An Open Letter to an Undecided Voter

I keep reading that there are fewer undecided voters now than at this same point in past presidential elections. Yet there are some.

It may be that there are some people calling themselves undecided who really, deep down, know who they want to vote for but just don’t want to say it out loud for some reason. And I appreciate that.

But some appear to be genuinely undecided. And these are the people who get rounded up by Frank Luntz and his ilk every four years and interviewed after debates. And I wish it would stop, because I honestly think some of these people remain undecided because they think it makes them special.

And every four years, these remarkable specimens say they are undecided because they don’t know how the candidates stand on issues, even after months of news coverage about how the candidates stand on issues. For example, NPR interviewed some undecideds after the debate from hell Tuesday night.

Zoey Shisler, of Tacoma, Wash., told NPR she was hoping to hear more about how the candidates would address the economy.

“All Biden had to do was convince me that he has policies that are gonna replace Trump when he gets in office, and he hasn’t convinced me of that,” she said.

Dear Undecided Voter:

Listen up. There’s this thing called the “internet.” If you can use it, go to the “issues” page on Joe Biden’s website. You have to get around a lot of obnoxious pop-ups asking for donations, but it’s do-able. Here is a link:

Joe Biden’s Stand on the Issues

This leads you to a page with more links to details on Joe Biden’s policy positions. You can … well, I can, anyway … read everything there in a lot less time than it took to sit through that damn debate.

On top of that, Biden has been running for president for several months. There have been interviews and articles in news media for months about his policy positions. The Democrats have a whole 91-page booklet called the “2020 Democratic Party Platform” available on the Web that spells out the policies Biden has agreed to support.

Granted, candidates don’t always stick to the platform after they are elected, but that’s true of everything else they say in the campaigns. This will at least give you an idea of the general direction he’ll probably wander off in.

Debates historically are piss-poor places to learn about candidates and their positions on issues. Even during a “normal” debate, the candidates are rarely allowed to say anything in detail and the moderators usually ask inane questions. The debates are mostly about watching to see if somebody says something stupid that will cost him votes, like when Gerald Ford inexplicably forgot that Poland was behind the Iron Curtain. That was classic. Seriously, the only information sources worse than debates are television ads and social media.

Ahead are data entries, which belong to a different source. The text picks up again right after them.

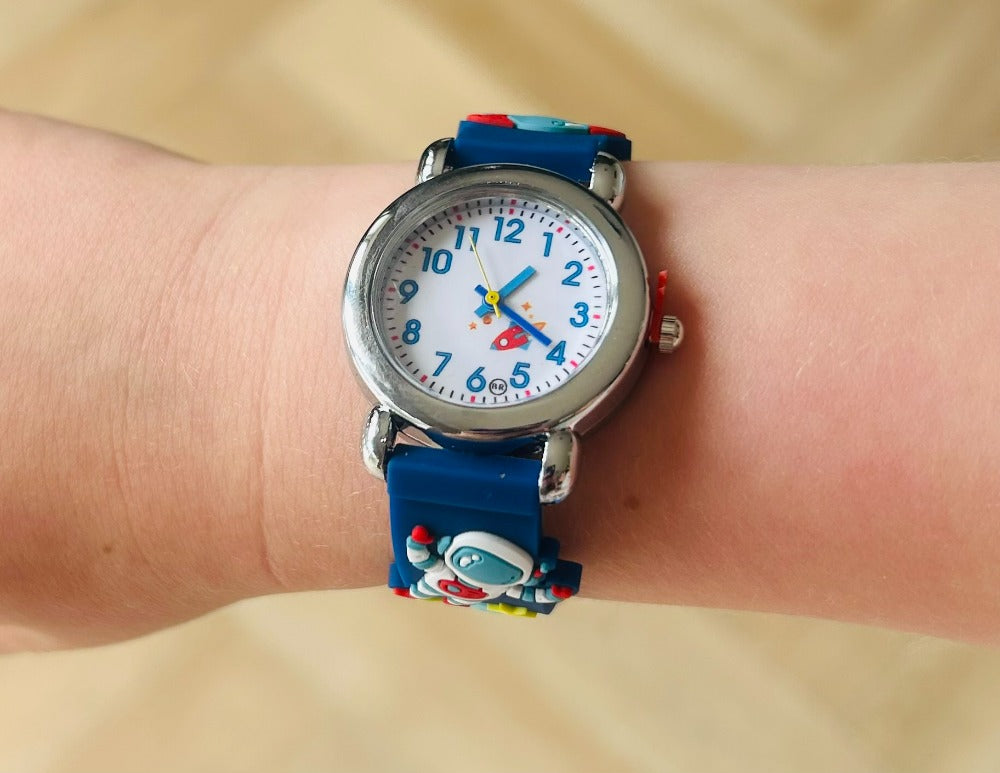 Children's watch with a blue strap featuring cartoon characters on a wrist.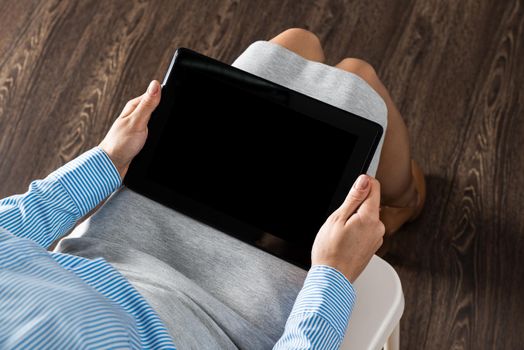 business woman with tablet on her lap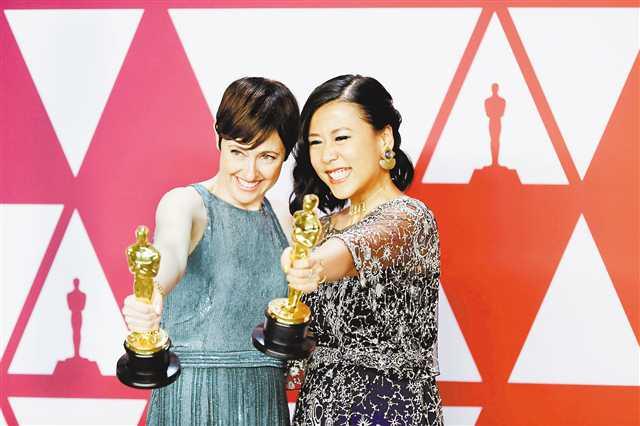 二月二十四日，在美国洛杉矶杜比剧院，获得最佳动画短片奖的《包宝宝》的导演石之予（右）展示奖杯。新华社记者 李颖 摄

But if you sincerely want to know what candidates’ policy positions are, you have to be willing to make an effort to pay attention to the news and be willing to read stuff, like newspapers, because the teevee news rarely covers issues in depth. But at this point, given all the coverage, there is absolutely no excuse for having no idea whatsoever about Biden’s positions. I can appreciate that you might not know fine details, like Biden’s exact proposed numbers for marginal tax rates, off the top of your head. But you ought to know by now, for example, that Biden intends to repeal most if not all of Trump’s tax cuts for the wealthy that have created massive budget deficits.

You do know that Trump created massive budget deficits, right? It’s been in the news.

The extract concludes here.